◆ WHAT TO PRODUCE: Among the entries below, retype exactly the lines starting with the one with "Olper's All Stars смотреть онлайн" and going on through the one with "Rustic land For sell in Fortuna in Murcia", but not the pictures.

━━ DATA PROVIDED

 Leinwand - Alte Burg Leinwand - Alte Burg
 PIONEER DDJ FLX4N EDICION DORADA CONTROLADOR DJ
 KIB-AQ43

━━━━
━━ DATA PROVIDED

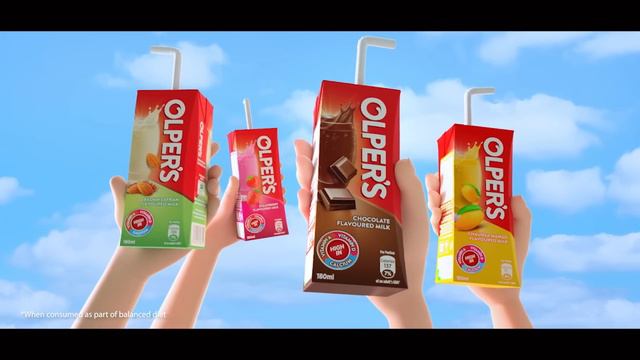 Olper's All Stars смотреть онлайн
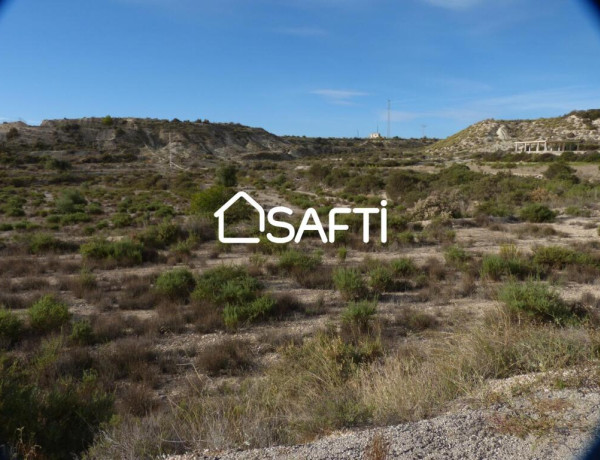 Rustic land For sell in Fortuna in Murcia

━━━━

◆ SOLUTION:
 Olper's All Stars смотреть онлайн
 Rustic land For sell in Fortuna in Murcia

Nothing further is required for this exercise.